Blaise Compaoré, le médiateur dans la crise malienne, l’avait dit presque à
mots couverts, et on s’attendait tous à un moment ou à un autre à la conclusion d’un accord pour le lundi 10 juin. Puis plus rien. Silence radio du côté de Bamako. Et pourtant dans ce contexte préélectoral, le temps n’est pas le meilleur allié, car la signature de cet accord conditionne grandement la tenue d’une campagne électorale apaisée, voire le scrutin du 28 juillet à Kidal, le fief du MNLA. Et pourtant à Bamako, on ne finit pas de discutailler, de politiser, de se concerter encore et toujours et de fignoler sur les termes de ce projet d’accord au point que Djibril Bassolé, le représentant du médiateur, a jugé utile de se rendre sur place le 12 juillet dernier pour tenter de sauter les verrous. Il apparaît clairement aux yeux des observateurs de cette crise que le pouvoir malien souhaiterait que la dernière version du protocole d’accord soumis à son appréciation soit modifiée. Et c’est loin d’être le seul point de discorde.
En effet, Bamako voudrait avoir tous les détails de l’arrivée de l’armée malienne à Kidal et, mieux, souhaiterait voir réalisé le cantonnement et le désarmement des groupes armés. C e que refusent en chœur les rebelles. L’autre pomme de discorde, c’est la levée de poursuites judiciaires engagées contre certains responsables de la rébellion. Chose que Bamako estime inopportune. Visiblement Bamako se presse lentement pour aller à cet accord. Et pourtant, selon certains observateurs bien au fait du dossier malien, rarement un accord aura été aussi bien ficelé.
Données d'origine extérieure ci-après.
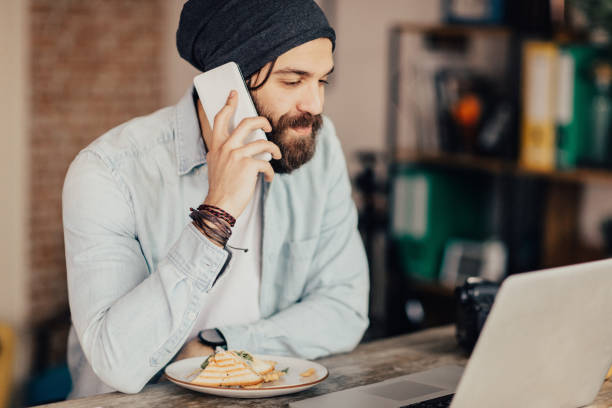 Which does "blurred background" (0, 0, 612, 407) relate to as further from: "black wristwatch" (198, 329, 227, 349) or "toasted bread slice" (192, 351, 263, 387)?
"toasted bread slice" (192, 351, 263, 387)

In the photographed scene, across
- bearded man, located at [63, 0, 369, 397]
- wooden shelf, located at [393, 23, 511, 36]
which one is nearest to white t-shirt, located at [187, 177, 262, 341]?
bearded man, located at [63, 0, 369, 397]

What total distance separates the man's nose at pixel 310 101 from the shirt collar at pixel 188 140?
225 mm

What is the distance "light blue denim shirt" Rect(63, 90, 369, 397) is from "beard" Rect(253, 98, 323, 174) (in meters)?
0.12

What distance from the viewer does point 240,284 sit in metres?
1.71

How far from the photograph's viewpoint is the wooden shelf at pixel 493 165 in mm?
3090

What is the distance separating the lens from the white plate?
1273 millimetres

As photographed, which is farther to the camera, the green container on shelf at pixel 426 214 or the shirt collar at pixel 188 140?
the green container on shelf at pixel 426 214

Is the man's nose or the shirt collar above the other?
the man's nose

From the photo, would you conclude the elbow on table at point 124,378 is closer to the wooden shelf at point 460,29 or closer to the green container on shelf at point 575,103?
the green container on shelf at point 575,103

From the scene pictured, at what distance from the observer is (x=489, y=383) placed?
3.62ft

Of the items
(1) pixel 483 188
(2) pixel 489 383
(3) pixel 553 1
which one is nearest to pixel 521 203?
(1) pixel 483 188

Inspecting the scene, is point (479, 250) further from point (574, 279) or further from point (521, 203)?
point (574, 279)

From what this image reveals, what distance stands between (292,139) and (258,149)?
173 mm

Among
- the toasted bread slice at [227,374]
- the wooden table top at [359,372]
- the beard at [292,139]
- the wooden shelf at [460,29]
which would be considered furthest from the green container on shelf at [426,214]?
the toasted bread slice at [227,374] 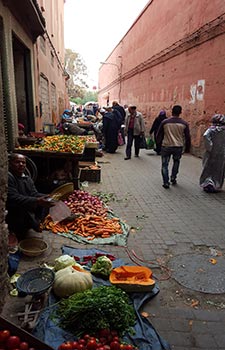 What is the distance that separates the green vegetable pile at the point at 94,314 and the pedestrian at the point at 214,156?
5.01 metres

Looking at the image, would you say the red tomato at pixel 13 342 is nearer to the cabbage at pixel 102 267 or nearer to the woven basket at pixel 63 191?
the cabbage at pixel 102 267

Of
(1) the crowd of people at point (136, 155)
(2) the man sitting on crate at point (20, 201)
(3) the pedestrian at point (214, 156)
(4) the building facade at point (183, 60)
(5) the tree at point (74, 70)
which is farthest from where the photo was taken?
(5) the tree at point (74, 70)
Et compte tenu de l’urgence du retour à une vie constitutionnelle normale par le biais du scrutin du 28 juillet, il aurait été judicieux de le signer, quitte à poursuivre des pourparlers postélectoraux.
A dire vrai, dans ce round de négociations, il apparaît clairement que les rebelles du MNLA sont déterminés maintenant à aller à la paix, car ils estiment qu’il serait impossible d’obtenir mieux que ce qui leur a été proposé dans ce projet d’accord.
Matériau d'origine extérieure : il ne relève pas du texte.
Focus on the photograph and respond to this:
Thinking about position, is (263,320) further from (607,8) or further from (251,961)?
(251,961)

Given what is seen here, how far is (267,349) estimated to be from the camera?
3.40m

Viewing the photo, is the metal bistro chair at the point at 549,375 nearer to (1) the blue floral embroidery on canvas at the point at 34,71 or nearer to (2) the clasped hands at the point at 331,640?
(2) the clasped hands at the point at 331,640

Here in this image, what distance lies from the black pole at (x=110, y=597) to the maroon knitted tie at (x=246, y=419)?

Mais on ne peut signer un accord qu’avec un interlocuteur qui le veut aussi. Et c’est là que la bonne foi de Bamako, qui ne cesse de fignoler depuis quelques jours, est mise en doute. Ce qui agace grandement et le médiateur et la communauté internationale, laquelle a du mal à comprendre ces tergiversations, surtout qu’il y a de cela un mois seulement, précisément le 15 mai 2013 à Bruxelles, Dioncounda Traoré s’était engagé à «privilégier le dialogue avec ses frères du Nord pour permettre la tenue du scrutin à Kidal».
Alors pourquoi traîne-il les pieds au moment où le repas est prêt et qu’il faut passer à table ?
Bamako aurait tort de trop tirer sur la corde.